● **TASK TO COMPLETE**
Below are the entries; return every line among them that holds the word "Image".

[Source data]
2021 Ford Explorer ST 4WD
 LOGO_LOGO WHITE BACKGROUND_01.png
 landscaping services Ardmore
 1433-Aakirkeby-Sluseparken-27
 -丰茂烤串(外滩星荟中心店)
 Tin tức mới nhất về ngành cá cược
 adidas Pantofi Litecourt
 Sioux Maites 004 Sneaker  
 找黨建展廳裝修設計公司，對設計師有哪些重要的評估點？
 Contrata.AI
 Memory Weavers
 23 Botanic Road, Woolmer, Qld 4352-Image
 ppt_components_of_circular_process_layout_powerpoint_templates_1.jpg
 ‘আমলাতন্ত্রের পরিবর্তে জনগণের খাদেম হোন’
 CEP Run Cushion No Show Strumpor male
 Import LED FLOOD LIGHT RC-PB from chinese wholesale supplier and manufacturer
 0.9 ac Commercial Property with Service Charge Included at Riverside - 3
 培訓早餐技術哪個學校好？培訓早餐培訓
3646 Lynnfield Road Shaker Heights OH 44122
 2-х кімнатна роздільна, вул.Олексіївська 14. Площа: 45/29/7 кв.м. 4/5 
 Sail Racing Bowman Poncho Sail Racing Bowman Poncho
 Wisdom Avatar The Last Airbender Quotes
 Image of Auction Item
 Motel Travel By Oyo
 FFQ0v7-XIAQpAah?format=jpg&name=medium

● **SOLUTION TO THE PROBLEM**
 23 Botanic Road, Woolmer, Qld 4352-Image
 Image of Auction Item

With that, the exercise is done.